About the job
About the Role
Join our innovative team as a Senior Software Engineer specializing in ML Infrastructure: Development Enablement. Our goal is to create a seamless development environment that enables our researchers and engineers to push the boundaries of deep learning models for autonomous driving.
We oversee a high-performance Cloud Development Environment (CDE) platform designed to support standardized, efficient ML development workspaces. In this pivotal role, your contributions will be two-fold:
- Platform Ownership: You will take charge of our CDE platform, ensuring its scalability, reliability, and smooth integration into the ML workflow.
- Agentic Evolution: You will spearhead the transition to Agentic ML Workflows, architecting AI Agents that serve as force multipliers—automating debugging processes, optimizing resource usage, and accelerating the transition from code to trained models.
What You’ll Be Doing
- Scale & Evolve the Dev Platform: Lead engineering initiatives to enhance our existing CDE platform, ensuring it meets the stringent demands of large-scale ML experimentation.
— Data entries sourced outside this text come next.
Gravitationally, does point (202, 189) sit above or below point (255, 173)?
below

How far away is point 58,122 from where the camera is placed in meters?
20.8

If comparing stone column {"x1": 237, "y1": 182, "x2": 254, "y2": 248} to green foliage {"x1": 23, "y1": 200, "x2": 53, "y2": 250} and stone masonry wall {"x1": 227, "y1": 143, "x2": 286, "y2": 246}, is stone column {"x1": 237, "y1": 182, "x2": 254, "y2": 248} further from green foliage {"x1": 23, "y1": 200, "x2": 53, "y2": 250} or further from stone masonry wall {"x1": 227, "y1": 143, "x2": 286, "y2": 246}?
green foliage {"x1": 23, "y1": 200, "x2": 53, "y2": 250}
- Architect AI Agents: Design and implement agents powered by LLM capable of managing the ML lifecycle—from automated code suggestions and log analysis to autonomous debugging of distributed training jobs.
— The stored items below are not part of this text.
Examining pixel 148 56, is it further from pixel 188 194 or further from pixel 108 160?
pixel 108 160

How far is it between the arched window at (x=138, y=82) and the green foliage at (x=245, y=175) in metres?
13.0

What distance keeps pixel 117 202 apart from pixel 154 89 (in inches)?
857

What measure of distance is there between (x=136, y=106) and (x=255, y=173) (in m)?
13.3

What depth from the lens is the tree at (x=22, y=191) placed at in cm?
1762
- Infrastructure Integration: Create connections between AI agents and our core infrastructure, ensuring safe and effective interaction with Kubernetes, Ray, and AWS.
- Collaborative Automation: Collaborate with ML Engineers to identify obstacles to productivity and build solutions, such as agents that suggest fixes for common PyTorch distributed training errors.
- Champion Engineering Excellence: Introduce software engineering best practices to the rapidly evolving landscape of LLM development, including the establishment of evaluation frameworks for agent performance, reliability, and security.
- Mentor & Lead: Serve as a subject matter expert in Agentic AI within the infrastructure team, mentoring junior engineers and influencing our long-term technical vision.